Collected data entries:
※ ※ ※

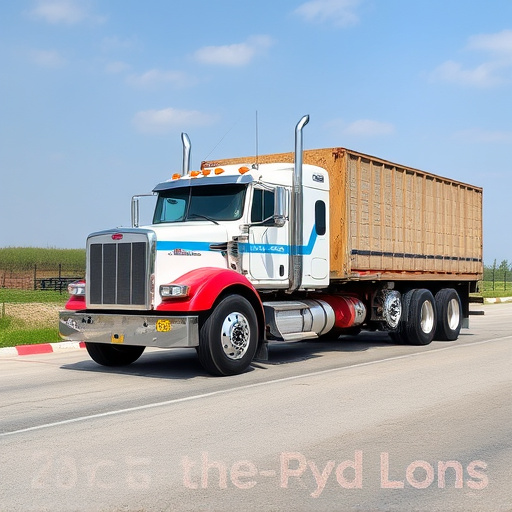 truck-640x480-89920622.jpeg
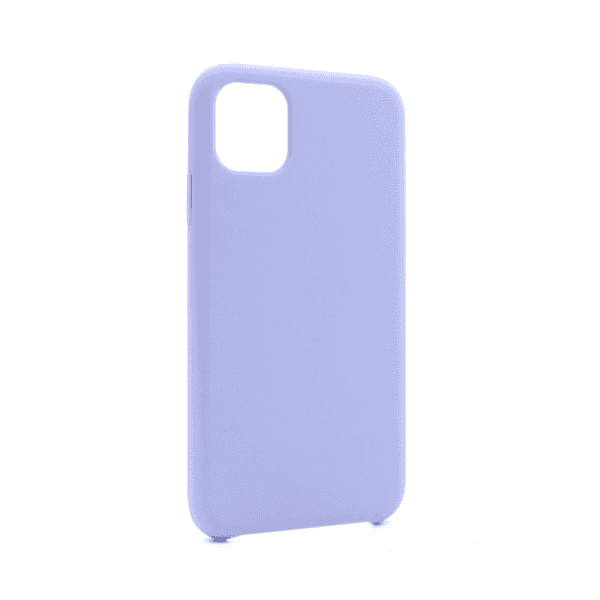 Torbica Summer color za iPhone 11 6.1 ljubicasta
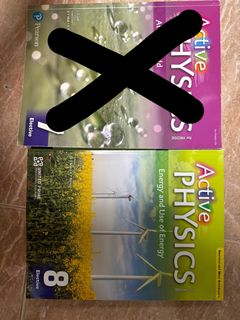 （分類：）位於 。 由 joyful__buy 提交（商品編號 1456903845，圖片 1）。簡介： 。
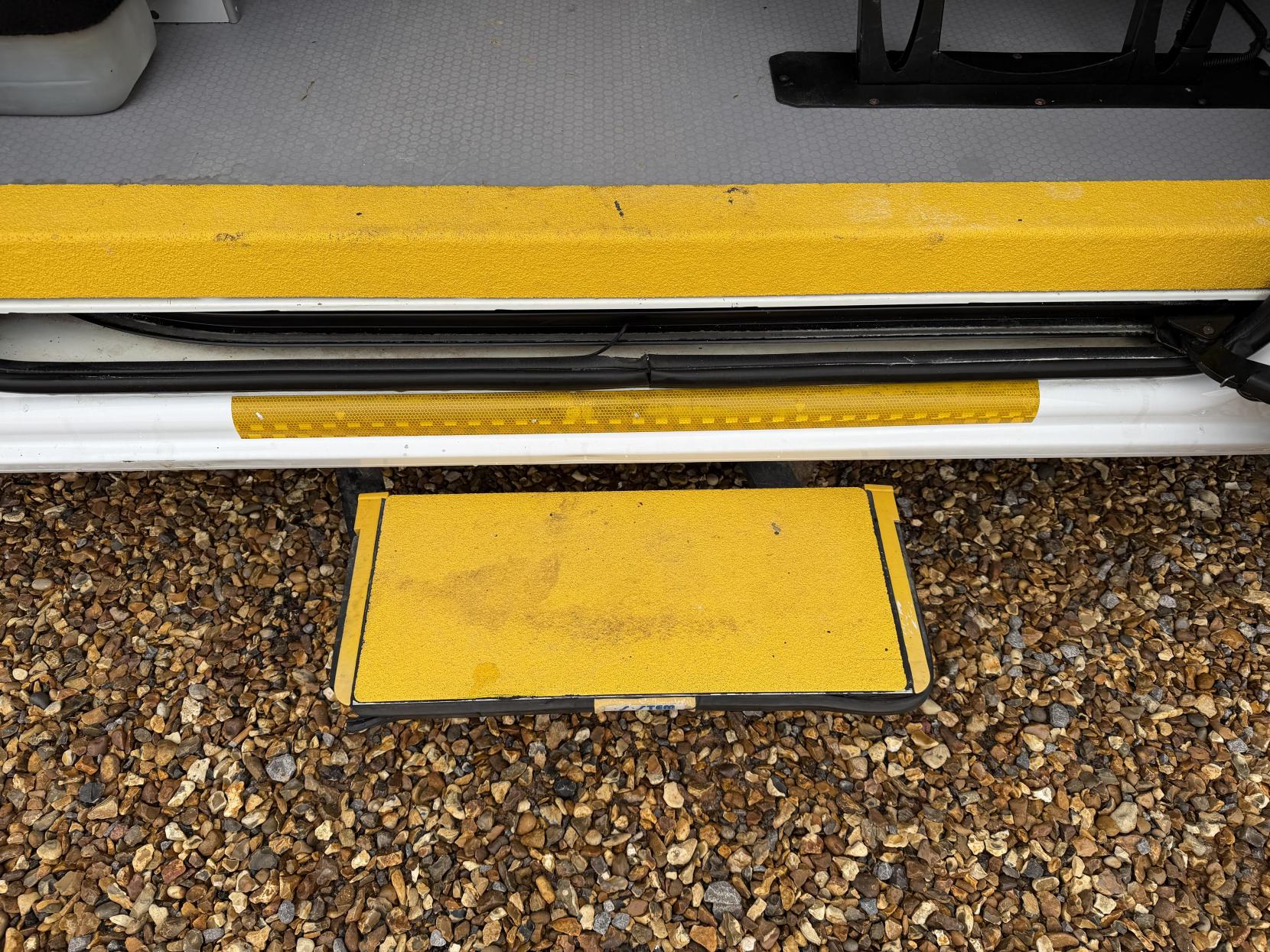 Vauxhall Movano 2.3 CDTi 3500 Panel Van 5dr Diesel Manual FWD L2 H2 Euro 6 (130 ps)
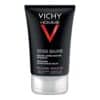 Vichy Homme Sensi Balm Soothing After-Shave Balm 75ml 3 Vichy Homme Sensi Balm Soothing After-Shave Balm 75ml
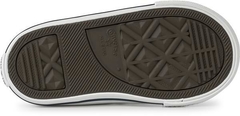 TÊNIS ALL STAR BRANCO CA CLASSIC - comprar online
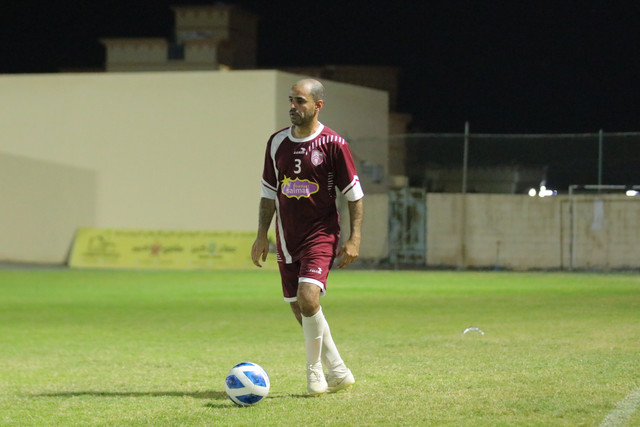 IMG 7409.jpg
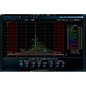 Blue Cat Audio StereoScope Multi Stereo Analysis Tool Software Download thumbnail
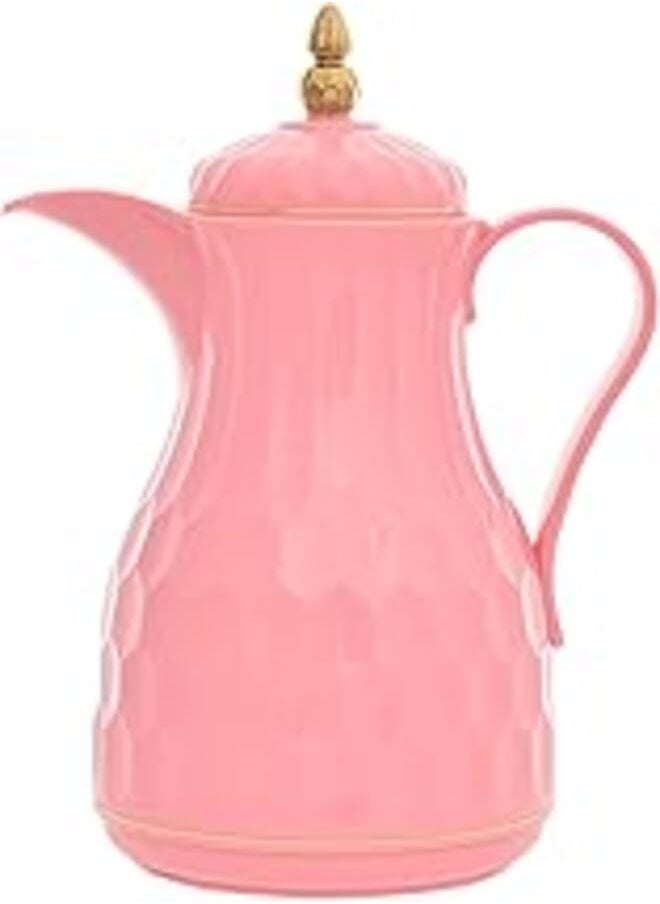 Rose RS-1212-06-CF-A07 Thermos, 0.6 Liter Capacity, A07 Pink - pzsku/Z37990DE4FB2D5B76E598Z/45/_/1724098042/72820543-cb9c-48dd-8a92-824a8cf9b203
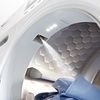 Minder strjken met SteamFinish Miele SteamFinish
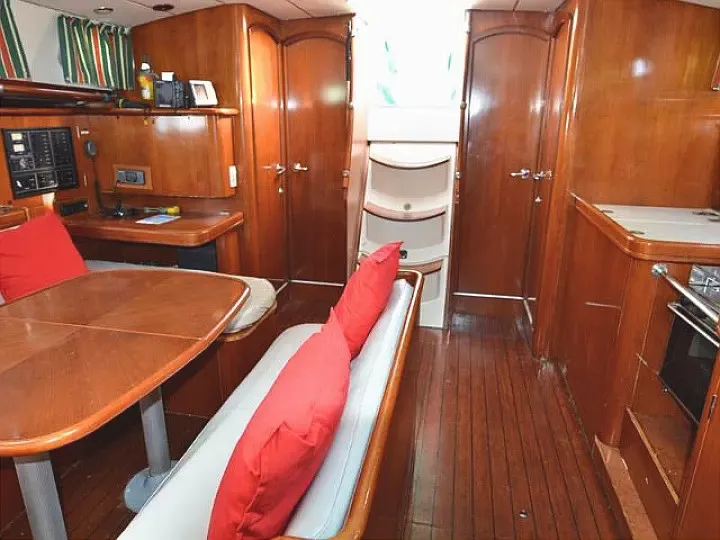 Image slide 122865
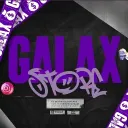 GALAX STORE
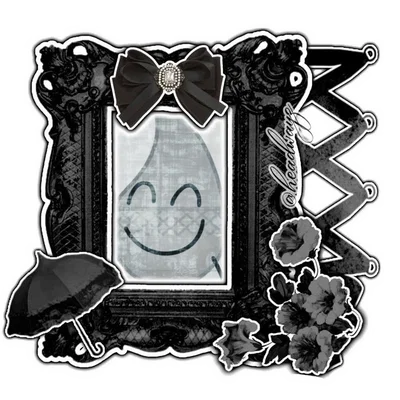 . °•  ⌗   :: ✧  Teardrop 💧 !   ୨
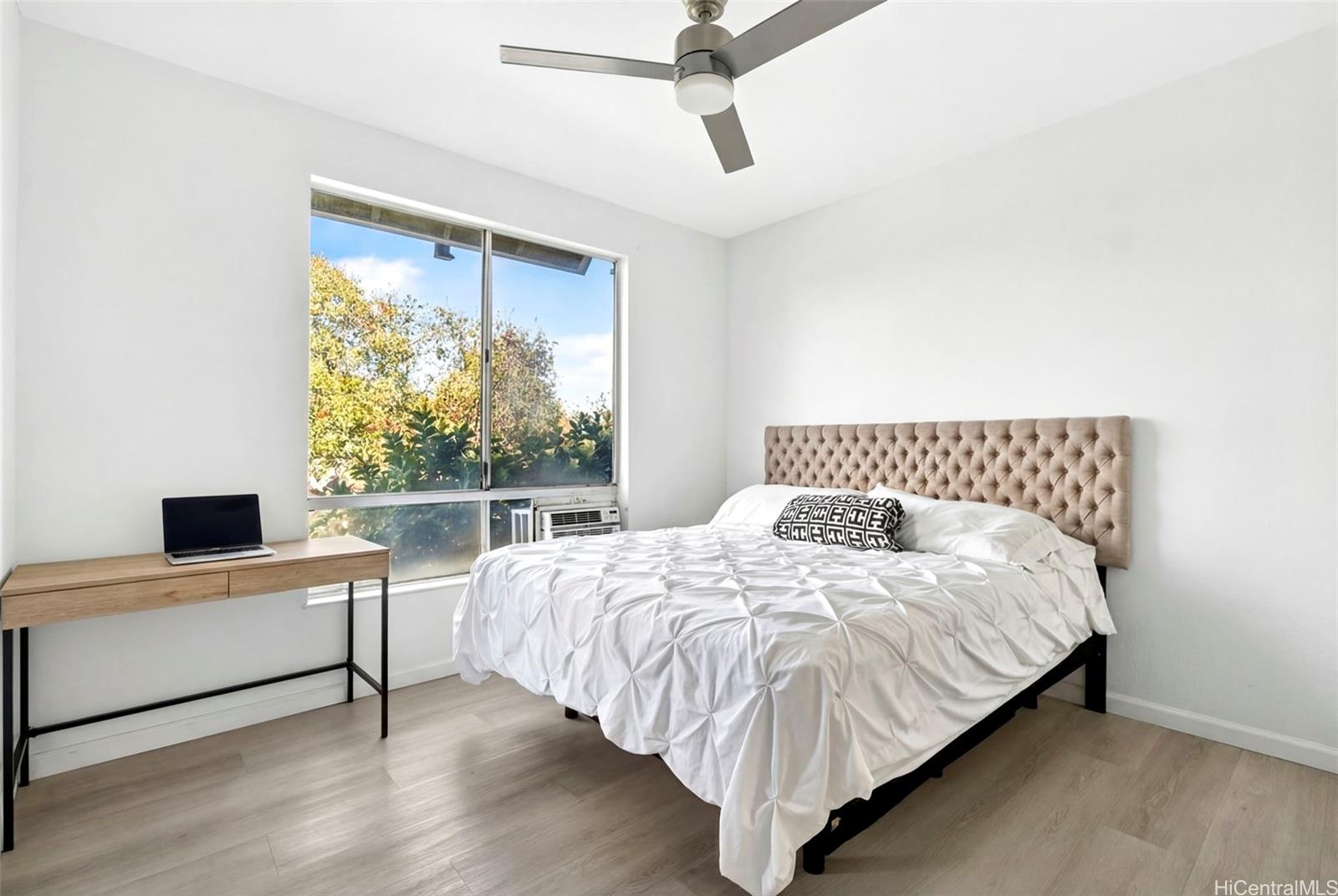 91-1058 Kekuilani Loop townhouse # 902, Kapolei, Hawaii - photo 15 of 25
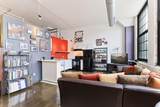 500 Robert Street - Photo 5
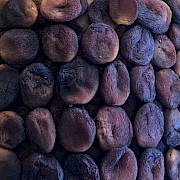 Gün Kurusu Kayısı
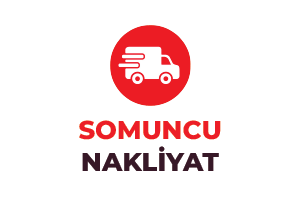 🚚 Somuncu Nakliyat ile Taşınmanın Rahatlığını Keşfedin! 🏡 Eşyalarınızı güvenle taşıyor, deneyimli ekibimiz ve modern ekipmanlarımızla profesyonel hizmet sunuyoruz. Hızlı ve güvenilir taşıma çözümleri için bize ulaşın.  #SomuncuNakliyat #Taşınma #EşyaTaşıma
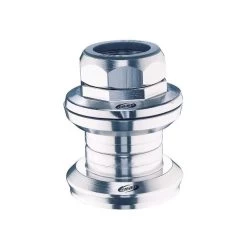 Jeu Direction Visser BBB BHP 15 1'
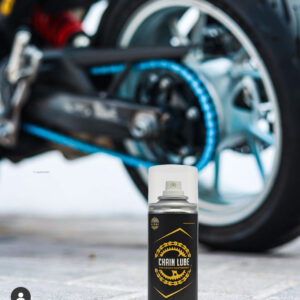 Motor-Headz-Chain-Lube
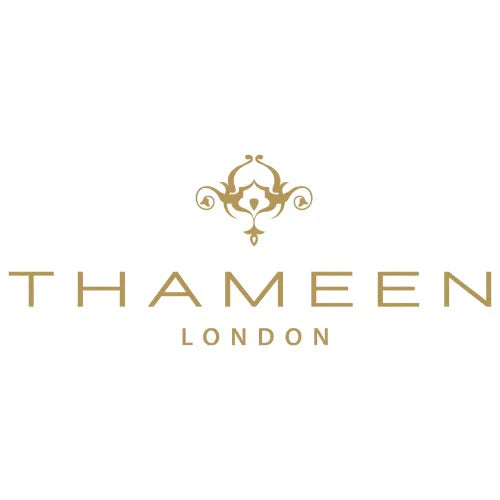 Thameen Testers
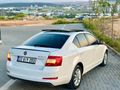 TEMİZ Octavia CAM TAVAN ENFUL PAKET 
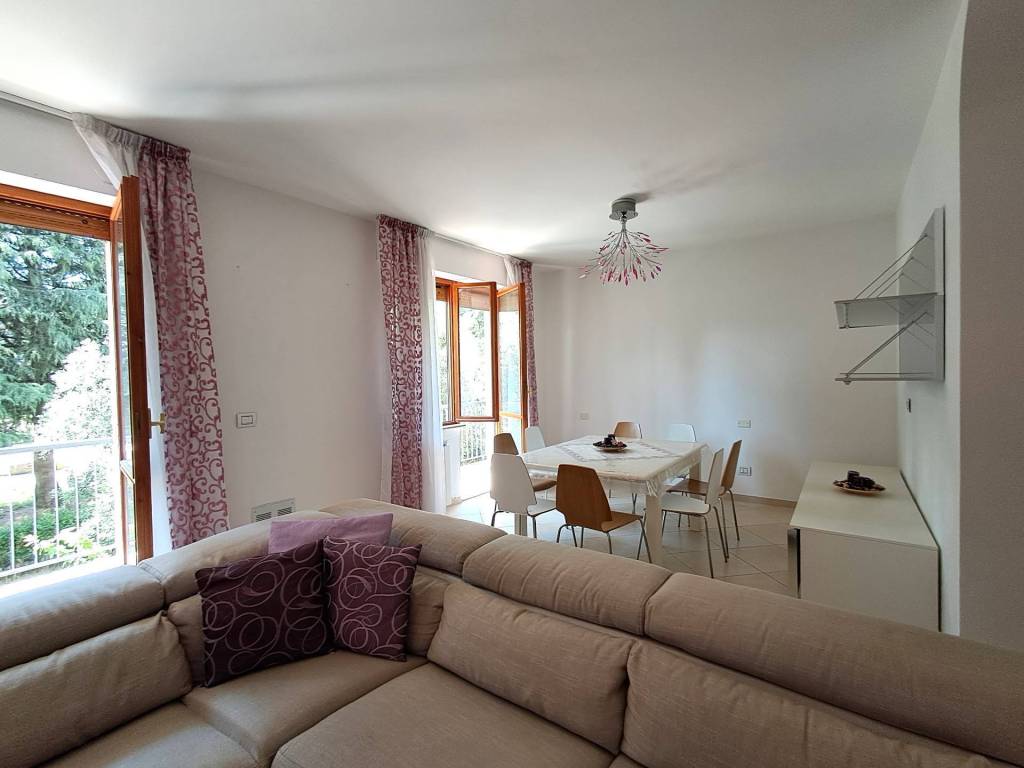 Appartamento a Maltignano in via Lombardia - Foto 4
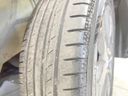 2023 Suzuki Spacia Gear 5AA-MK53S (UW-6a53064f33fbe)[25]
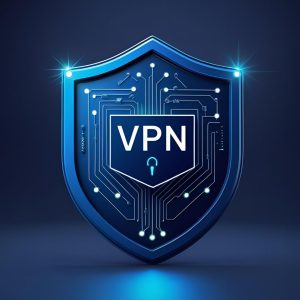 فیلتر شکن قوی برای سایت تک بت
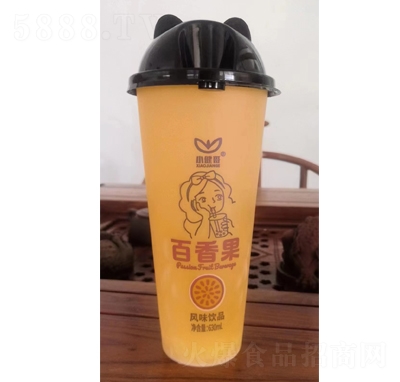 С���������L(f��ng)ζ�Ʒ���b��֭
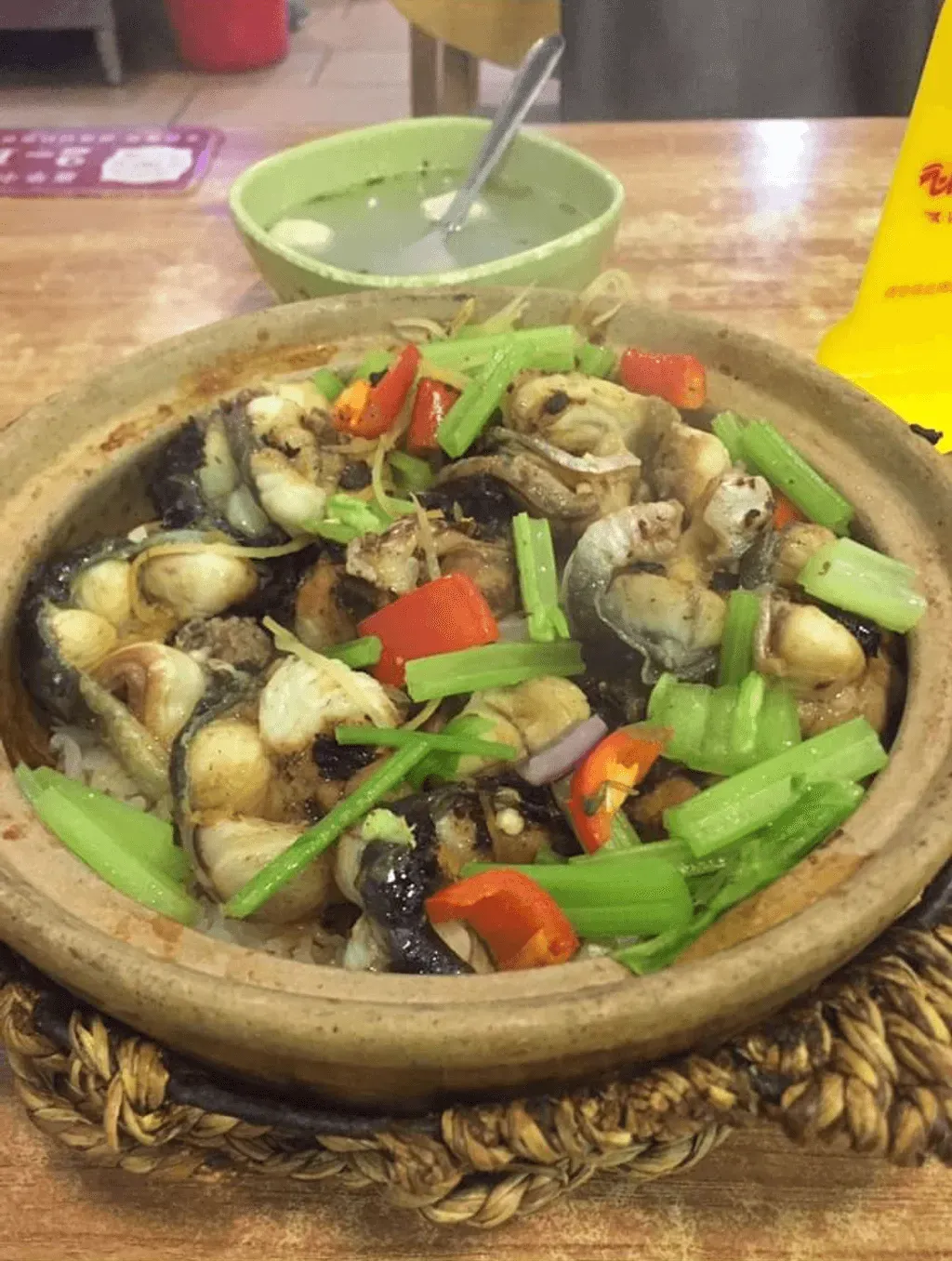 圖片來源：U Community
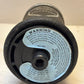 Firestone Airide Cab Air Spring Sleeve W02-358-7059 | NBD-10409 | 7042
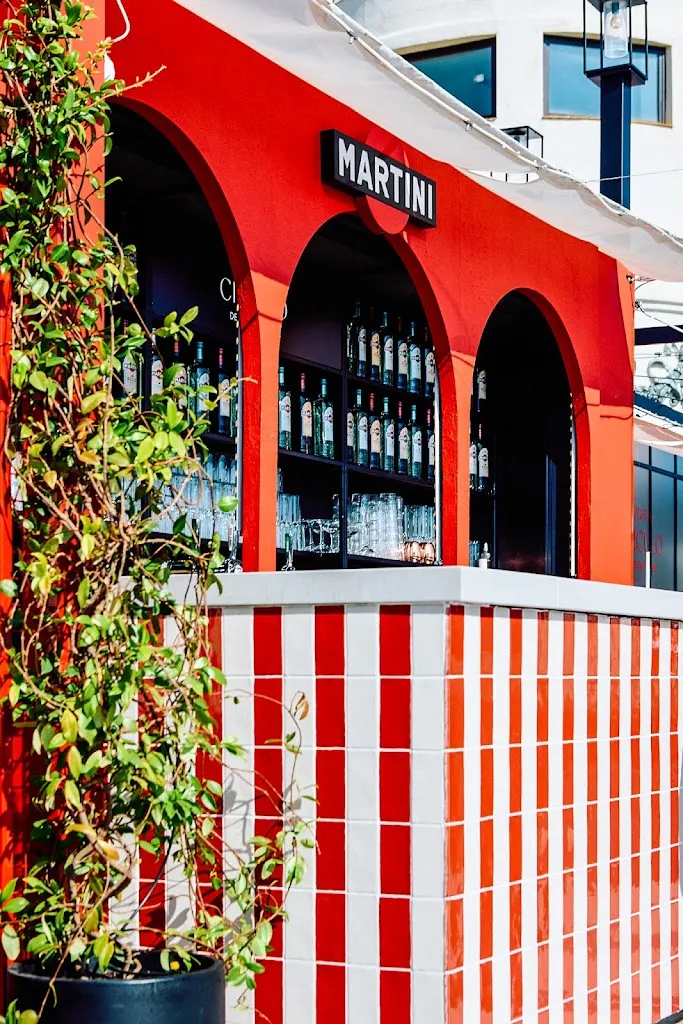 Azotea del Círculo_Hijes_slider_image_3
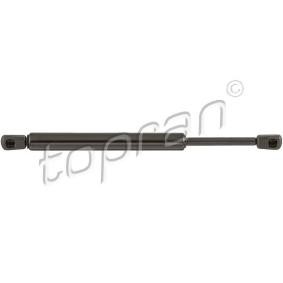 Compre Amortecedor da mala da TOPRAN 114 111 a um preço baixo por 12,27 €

※ ※ ※

> What you have to do
Only one thing is wanted here, an exact copy of the lines from the first line above through the line containing "Gün Kurusu Kayısı", minus any picture.

> Result of the task
 truck-640x480-89920622.jpeg
 Torbica Summer color za iPhone 11 6.1 ljubicasta
 （分類：）位於 。 由 joyful__buy 提交（商品編號 1456903845，圖片 1）。簡介： 。
 Vauxhall Movano 2.3 CDTi 3500 Panel Van 5dr Diesel Manual FWD L2 H2 Euro 6 (130 ps)
 Vichy Homme Sensi Balm Soothing After-Shave Balm 75ml 3 Vichy Homme Sensi Balm Soothing After-Shave Balm 75ml
 TÊNIS ALL STAR BRANCO CA CLASSIC - comprar online
 IMG 7409.jpg
 Blue Cat Audio StereoScope Multi Stereo Analysis Tool Software Download thumbnail
 Rose RS-1212-06-CF-A07 Thermos, 0.6 Liter Capacity, A07 Pink - pzsku/Z37990DE4FB2D5B76E598Z/45/_/1724098042/72820543-cb9c-48dd-8a92-824a8cf9b203
 Minder strjken met SteamFinish Miele SteamFinish
 Image slide 122865
 GALAX STORE
 . °•  ⌗   :: ✧  Teardrop 💧 !   ୨
 91-1058 Kekuilani Loop townhouse # 902, Kapolei, Hawaii - photo 15 of 25
 500 Robert Street - Photo 5
 Gün Kurusu Kayısı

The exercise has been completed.